This reaction is not surprising from many perspectives. The Dutch and Flemish Churches were famous before the 1960s for the vibrancy of their faith and their loyalty to Rome. They were second only to Ireland for their commitment to the missions, exporting vast numbers of priests mostly to the former Dutch East Indies. But, as we all know, the bottom fell out of it all. The Dutch Church first became extremely liberal, and then imploded; that these two things might be connected does not seem to have occurred to the people in Buizingen. As with so many people of this cast of mind, the only answer is to accelerate and deepen the break with the past in the hope that if this policy is implemented with all fervour, then the great outpouring of the Holy Spirit promised at Vatican II will finally happen.

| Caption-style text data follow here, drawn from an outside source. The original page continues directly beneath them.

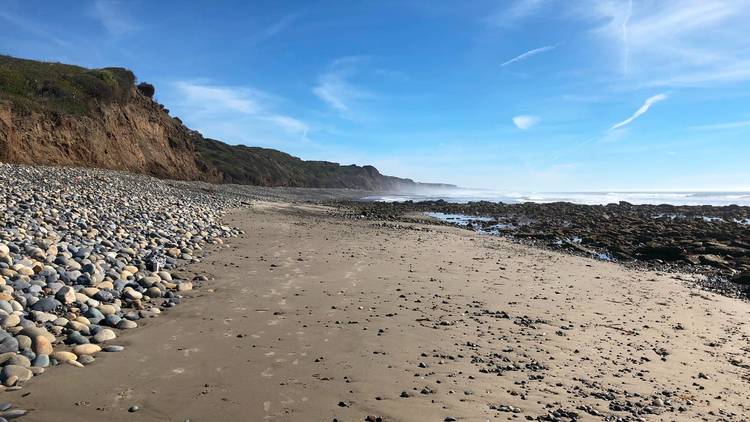 San Mateo Campground at San Onofre State Beach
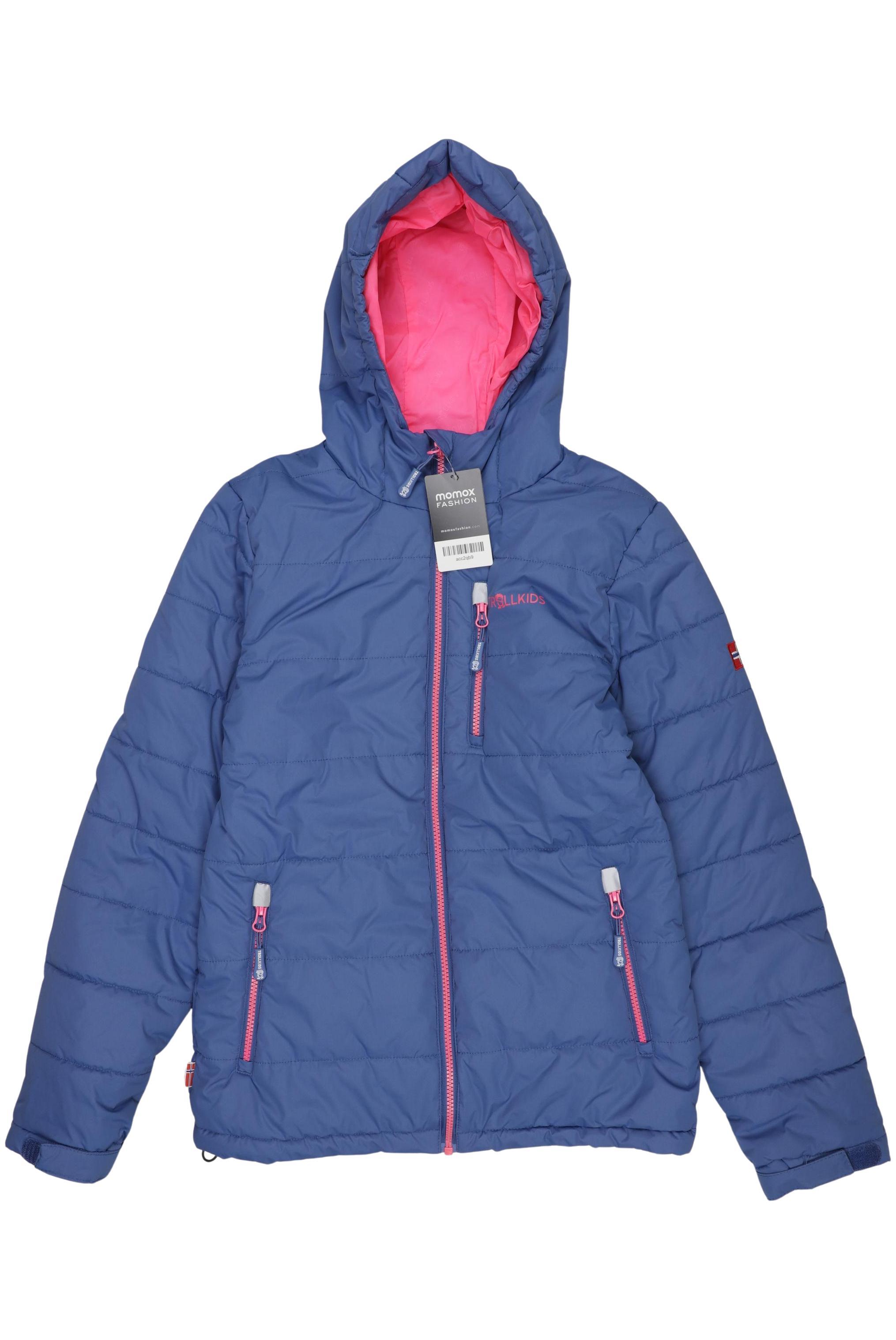 

Trollkids Mädchen Jacke, blau, Gr. 164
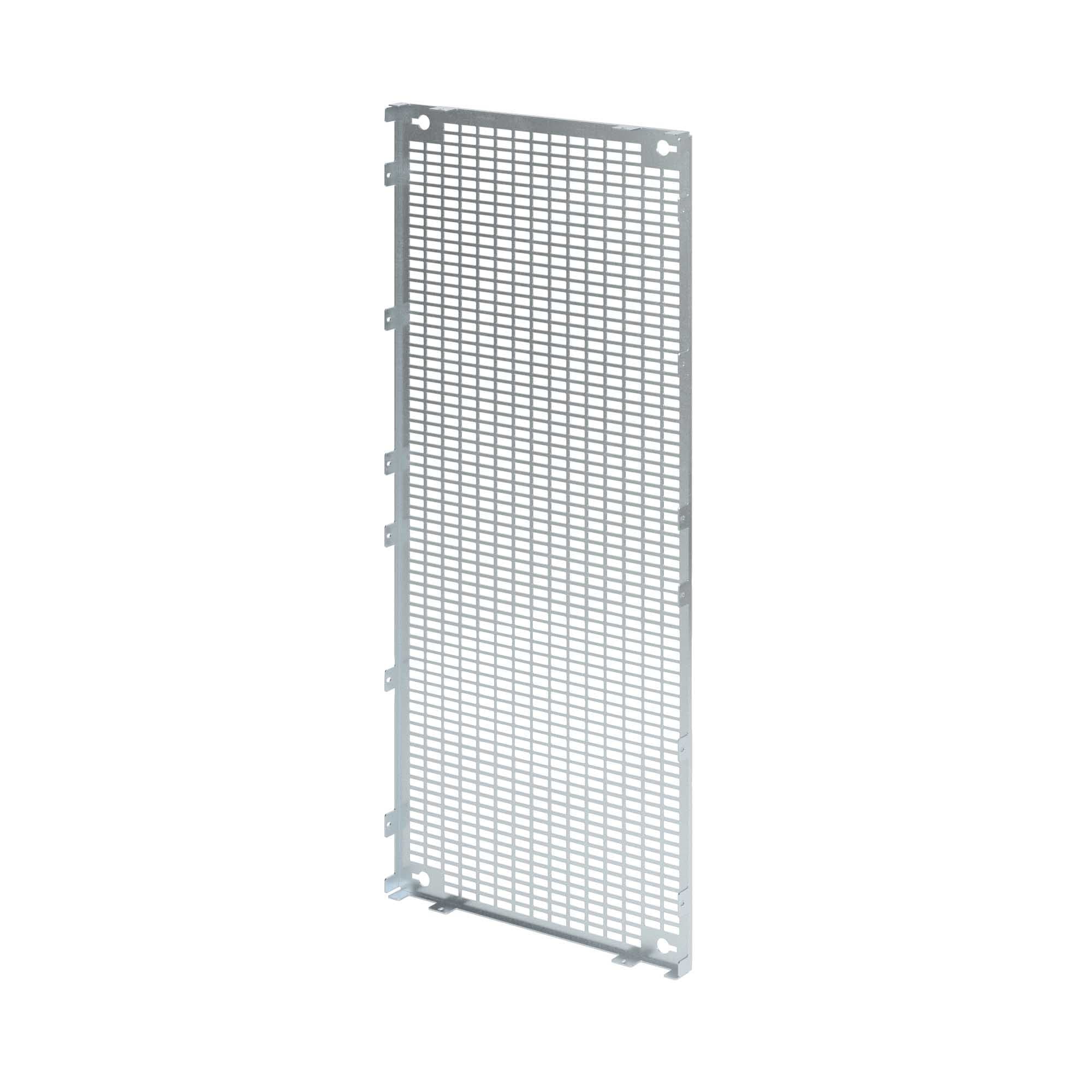 DKC Монтажная плата перфорированная боковая для шкафа CQE (ВхГ) 800x500 мм — миниатюра 1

What will happen, of course, is that these communities will either die out altogether, or will come to resemble liberal congregationalist Protestant bodies who cheerfully decide doctrine more or less for themselves, and therefore come to resemble simply clubs of (more or less) Christians who agree with each other, but not with the club down the road.
You might care to compare these querulous, ageing and failing congregations on their way out of the Catholic Church with those happy Anglo-Catholics in San Antonio lining up to join. One line from the report on the blog I linked to on the last post has kept ringing in my mind: 'Children are the necessary fruit of these communities. Where people have hope, they have children.'
Actually, I've just noticed that this post has for some strange reason been deleted from the Anglo-Catholic. You can find it now here, on the Ordinariate Portal.